Exercise aim :: If a record holds a picture, drop the picture and return the rest of the record word for word.

Data supplied ::
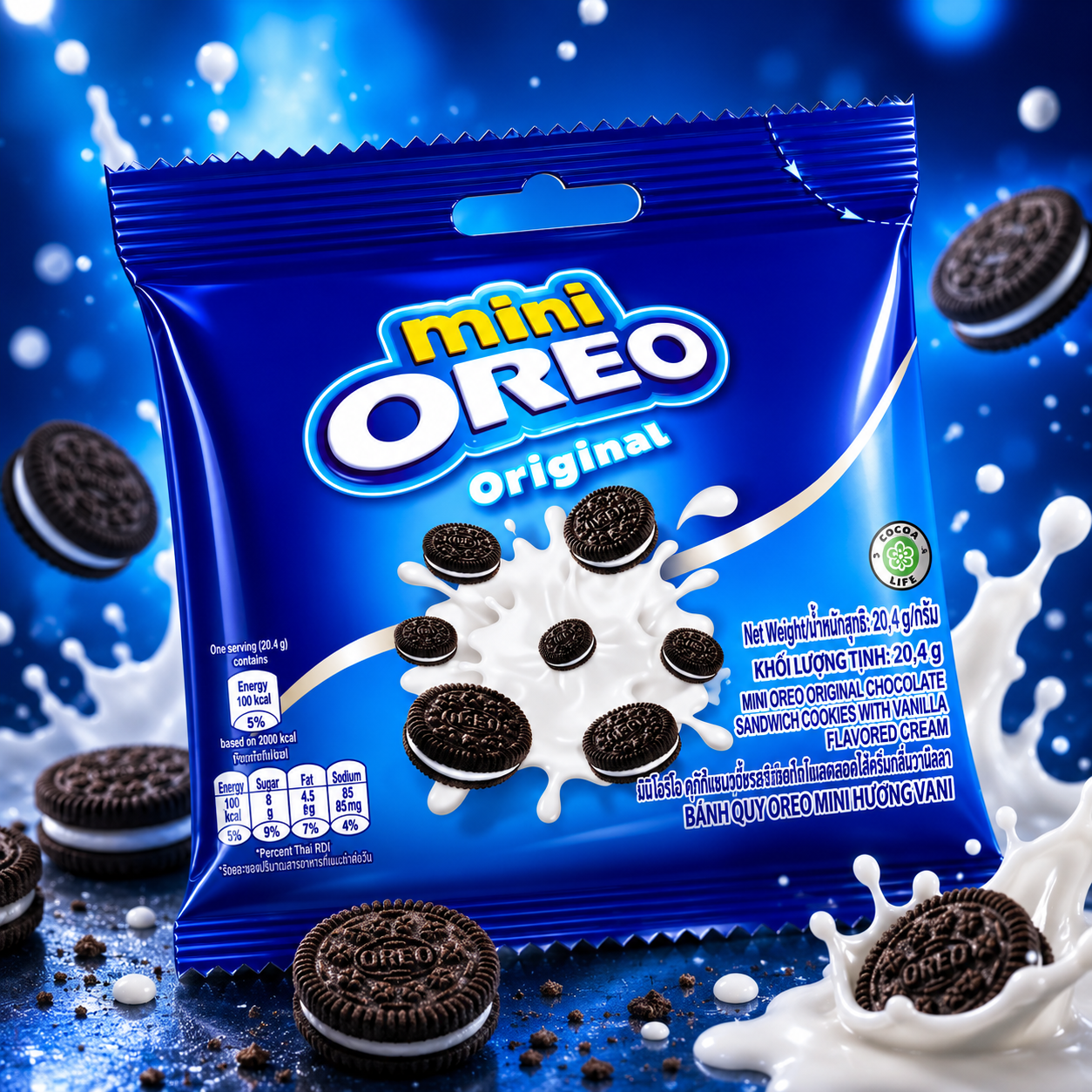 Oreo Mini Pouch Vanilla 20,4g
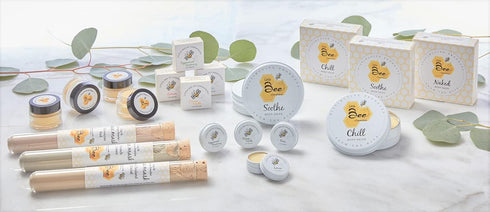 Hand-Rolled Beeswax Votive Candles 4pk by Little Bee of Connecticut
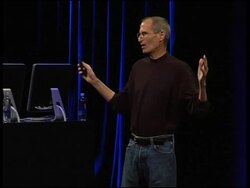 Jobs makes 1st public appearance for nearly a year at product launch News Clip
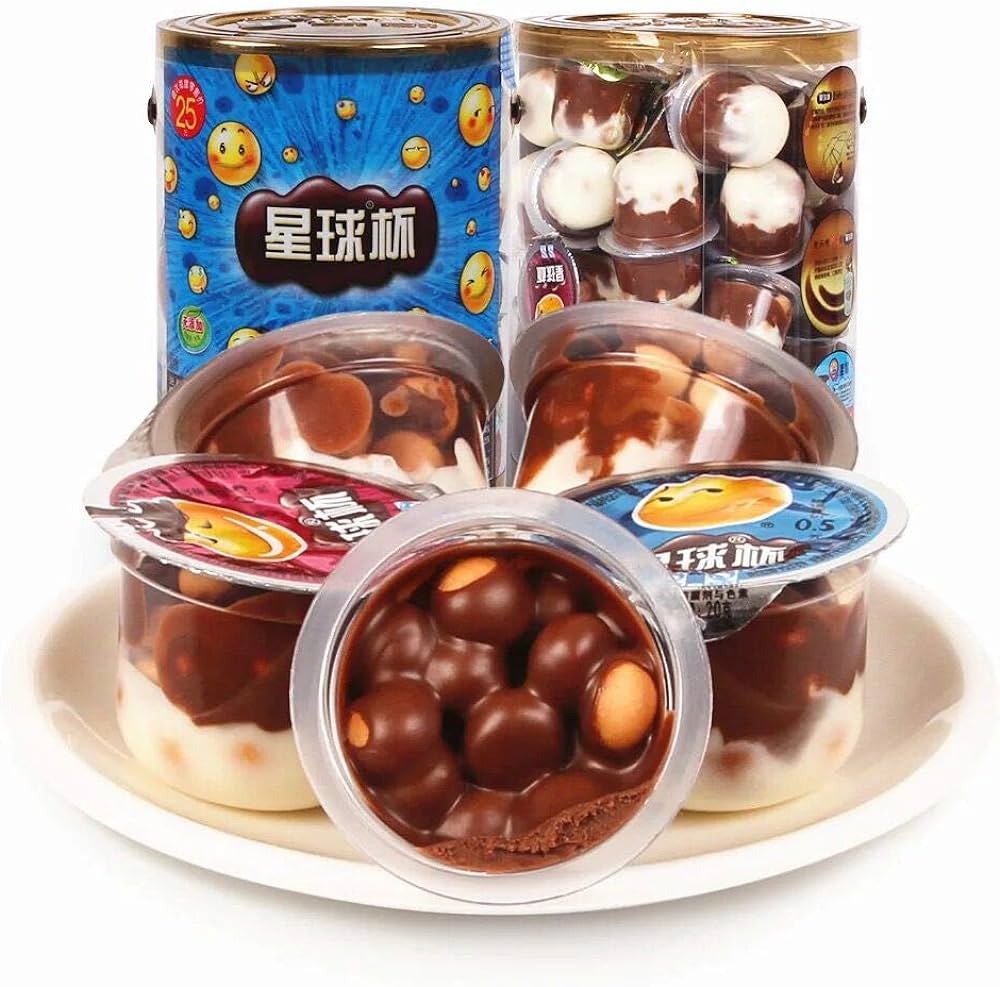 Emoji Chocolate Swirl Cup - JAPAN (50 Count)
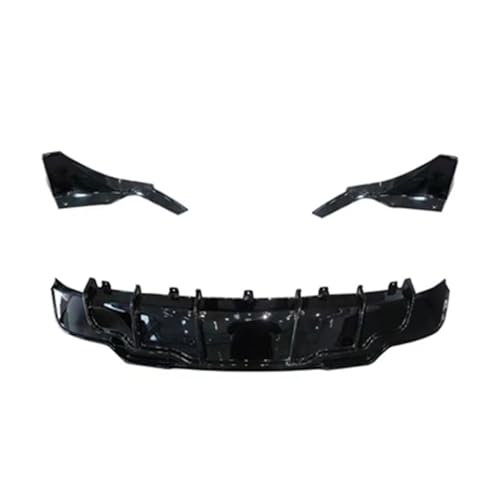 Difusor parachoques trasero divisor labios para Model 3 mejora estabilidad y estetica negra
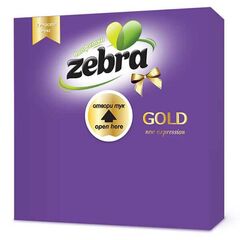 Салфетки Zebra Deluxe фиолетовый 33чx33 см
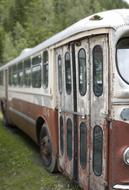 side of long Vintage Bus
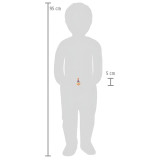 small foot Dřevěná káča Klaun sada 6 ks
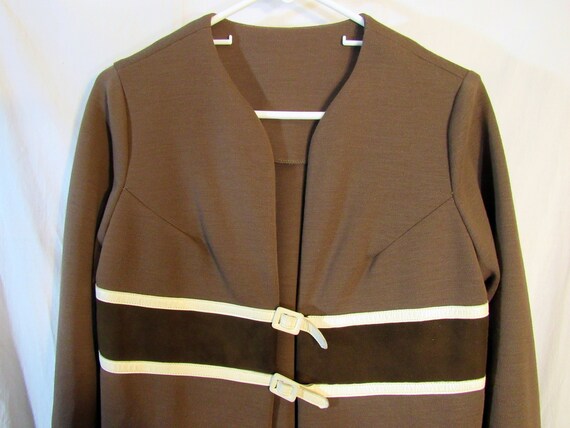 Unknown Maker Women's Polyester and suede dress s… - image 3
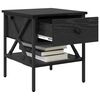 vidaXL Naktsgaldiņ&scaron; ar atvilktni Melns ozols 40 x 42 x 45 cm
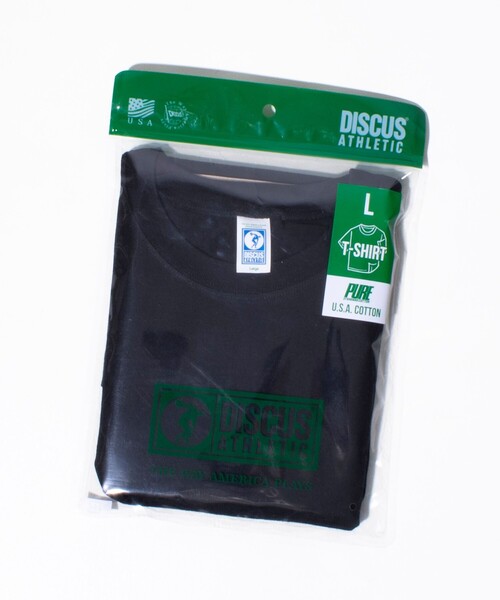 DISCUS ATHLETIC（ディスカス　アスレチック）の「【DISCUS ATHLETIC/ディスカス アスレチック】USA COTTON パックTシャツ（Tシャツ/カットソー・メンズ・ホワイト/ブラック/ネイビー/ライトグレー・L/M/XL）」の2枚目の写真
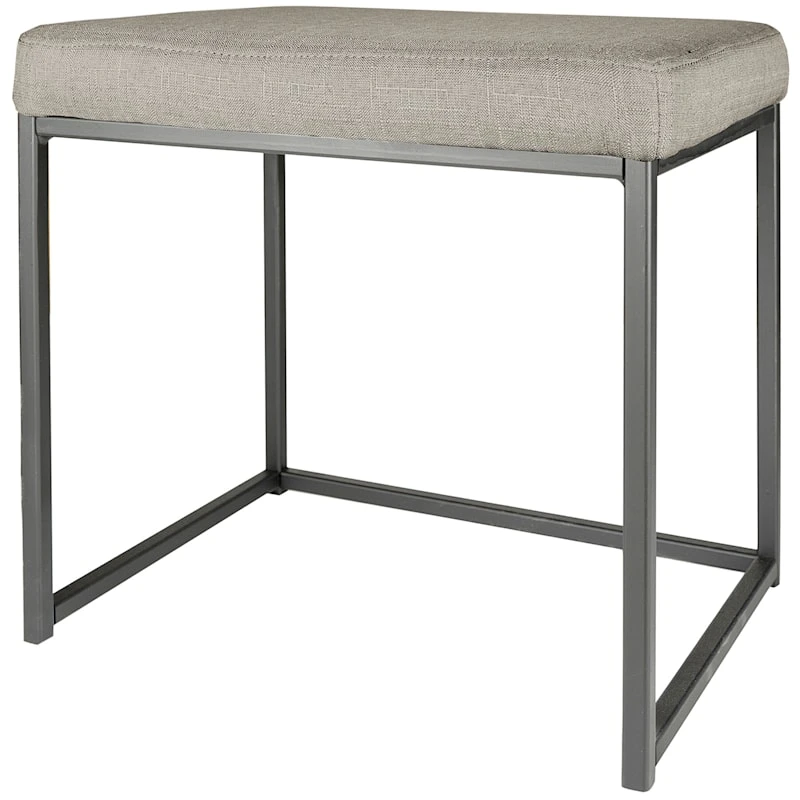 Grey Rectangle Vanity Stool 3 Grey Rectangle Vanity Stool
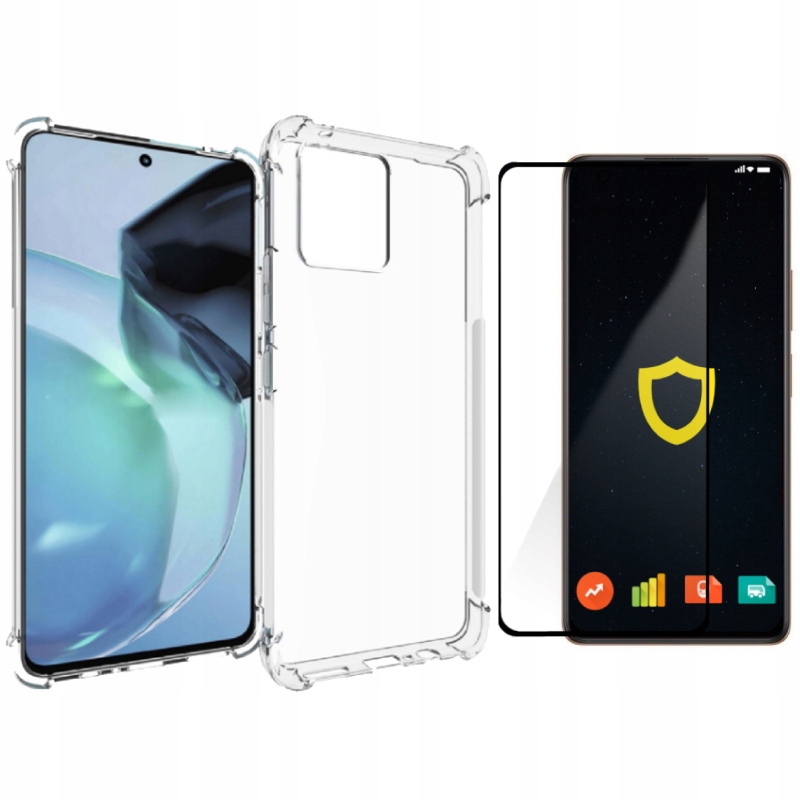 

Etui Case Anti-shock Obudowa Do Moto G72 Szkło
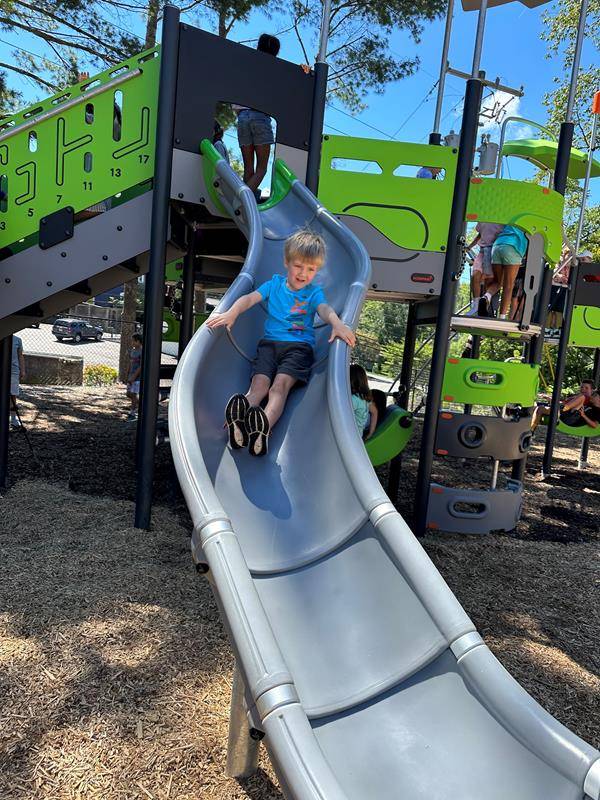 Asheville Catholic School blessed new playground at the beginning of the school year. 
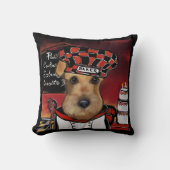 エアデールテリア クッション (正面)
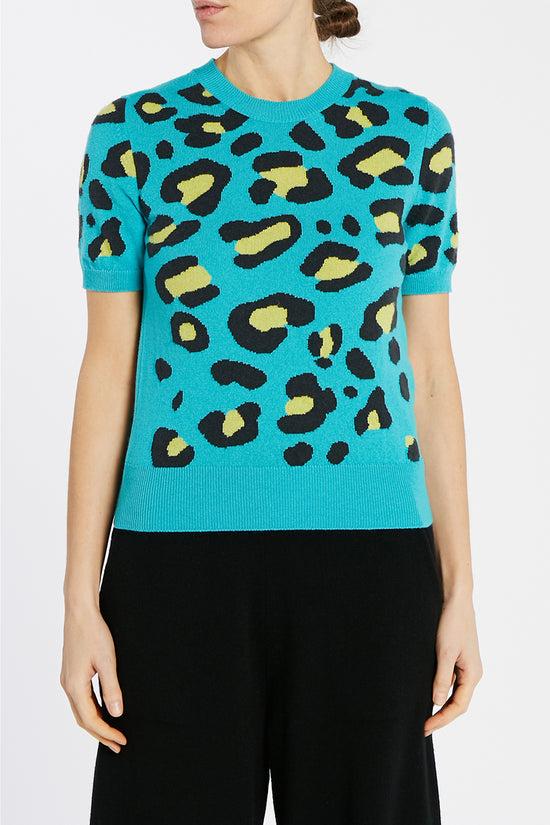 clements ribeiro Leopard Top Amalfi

The answer ::
 Oreo Mini Pouch Vanilla 20,4g
 Hand-Rolled Beeswax Votive Candles 4pk by Little Bee of Connecticut
 Jobs makes 1st public appearance for nearly a year at product launch News Clip
 Emoji Chocolate Swirl Cup - JAPAN (50 Count)
 Difusor parachoques trasero divisor labios para Model 3 mejora estabilidad y estetica negra
 Салфетки Zebra Deluxe фиолетовый 33чx33 см
 side of long Vintage Bus
 small foot Dřevěná káča Klaun sada 6 ks
 Unknown Maker Women's Polyester and suede dress s… - image 3
 vidaXL Naktsgaldiņ&scaron; ar atvilktni Melns ozols 40 x 42 x 45 cm
 DISCUS ATHLETIC（ディスカス　アスレチック）の「【DISCUS ATHLETIC/ディスカス アスレチック】USA COTTON パックTシャツ（Tシャツ/カットソー・メンズ・ホワイト/ブラック/ネイビー/ライトグレー・L/M/XL）」の2枚目の写真
 Grey Rectangle Vanity Stool 3 Grey Rectangle Vanity Stool

Etui Case Anti-shock Obudowa Do Moto G72 Szkło
 Asheville Catholic School blessed new playground at the beginning of the school year. 
 エアデールテリア クッション (正面)
 clements ribeiro Leopard Top Amalfi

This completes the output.